Tuesday, September 26, 2017

Narrowboat Day Two

Walking the Aqueduct
This was the second day on the Narrowboat, and we went from England into Wales. We spent the night outside of a town called Chirk, and went to Llangollen. This was a particularly challenging section of the canal with two tunnels, two aquaducts, and two sections of single boat width canal. Only one bridge and no locks, but still plenty to keep us busy.

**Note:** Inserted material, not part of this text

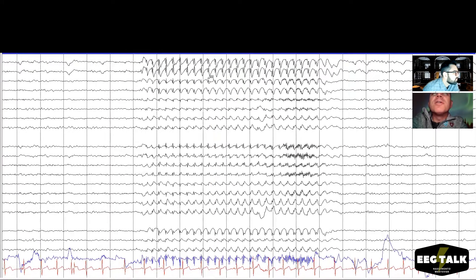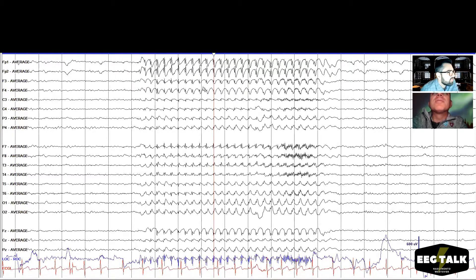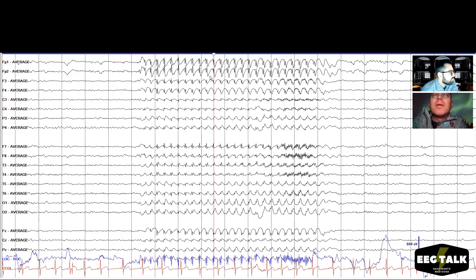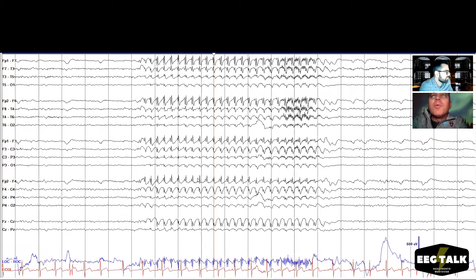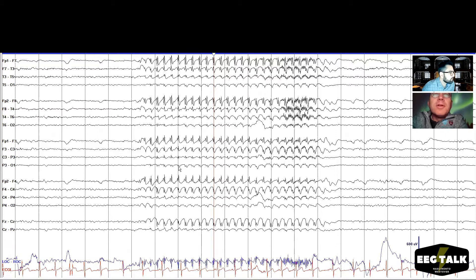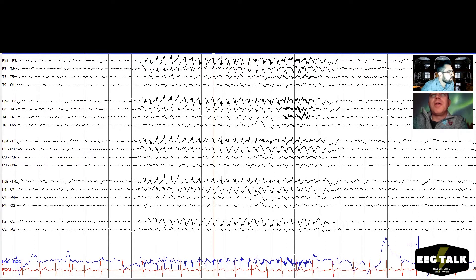Wait — if it's just in the frontal, is it focal or generalized? We still call it generalized if it's synchronized between the two hemispheres. How do we describe this? We want to give other people reading our report a clear idea of what we're seeing. We comment on frequency — looks like there are three spikes each second. So this is a pretty classic three hertz generalized, frontally predominant spike-and-wave pattern.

The canal we navigated today starts at Llangollen, and so all the water for the canal comes from here. This means that unlike most of the canals, there is current which complicates things at times. When the canals are narrow, the current will move the boat more than normal.
Underground in a Boat

For the uninitiated, an aqueduct is a bridge that allows the canal to cross a valley. The biggest, the Pontcysyllte Aqueduct, was built over 200 years ago with stone arches supporting the 125 ft. iron water channel carrying the canal 127 feet over a river valley. You come around a corner, the canal narrows, and you are suddenly floating in a narrow channel of water over 100 feet in the air. Although you know it is a bridge, and there is a walkway and rail on one side, on the other there is nothing. You actually have to peer over the side of the boat to see that you are on a bridge. I was driving the boat, but the crew was snapping photos and the folk walking across the bridge were snapping holiday snaps of us. I expect to see us on Youtube anytime now . . .
Traffic Jam! Bill got me through . . .

We navigated two tunnels, the longest 191 yards long, under a hill. These tunnels are arched brick lined structures barely wider than the boat. There are no lights but the boat has a headlight. Although I have never piloted tunnels, I have been through a few and knew what to expect as well as the principles necessary to get the boat through. Unfortunately the boat ahead of us did not really know what she was doing and went too slowly and ended up bouncing off the walls all the way. Unfortunately this along with the current flowing through the narrow passage made it difficult. If you maintain a certain speed you can get through more smoothly, but even our slightly claustrophobic crew member made it through, although I think I heard a sign of relief as we exited into the daylight at the other end.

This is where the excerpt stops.